In Bangkok, thai fusion joint the Greyhound Café is a hit with fashion bloggers and Insta-wannabes. This, its first London outpost, has a more eclectic crowd: Thai gen-Z-ers selfie-snapping alongside local workers drawn to the large outside space. There’s a slight chain-in-waiting vibe: your standard semi-industrial space with a clattery open kitchen, wipe-clean surfaces and staff in T-shirts with naff witticisms.‘Keep calm and chilli’? Oh, please.
But it’s the cooking that veers from the sublime to the ridiculous. A poshed-up satay, made with rib-eye steak, was outstanding. The tender, turmeric-slathered skewers were good enough to fly solo, but also came with an addictively good peanut sauce. Also brilliant – though not for the faint-of-palate – was a dish of ‘angry’ seafood noodles, but subbing in spaghetti as the carbs. An oil-slathered mess of al dente pasta, clams and squid, it was also studded with fresh veg, red chilli and bundles of green peppercorns. Don’t mind burning your insides? Go on, be brave.
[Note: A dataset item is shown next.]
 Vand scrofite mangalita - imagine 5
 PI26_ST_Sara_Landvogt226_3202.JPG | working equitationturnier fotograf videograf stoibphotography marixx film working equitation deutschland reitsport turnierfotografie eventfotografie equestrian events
But anything too #fashion failed. Cubes of bland ‘Weeping Wolf’ lamb came with an odd pesto-esque concoction (at least I now know why it was weeping). ‘Happy toast’ turned out to be crappy white toast with the word ‘happy’ dusted on the plate, plus four cloying, synthetic sauces in bottles. It’s a novelty made for an Insta feed, not a mouth. But then along came a heavenly, well-balanced coconut sundae (of sorts). This greyhound is off to a shaky start.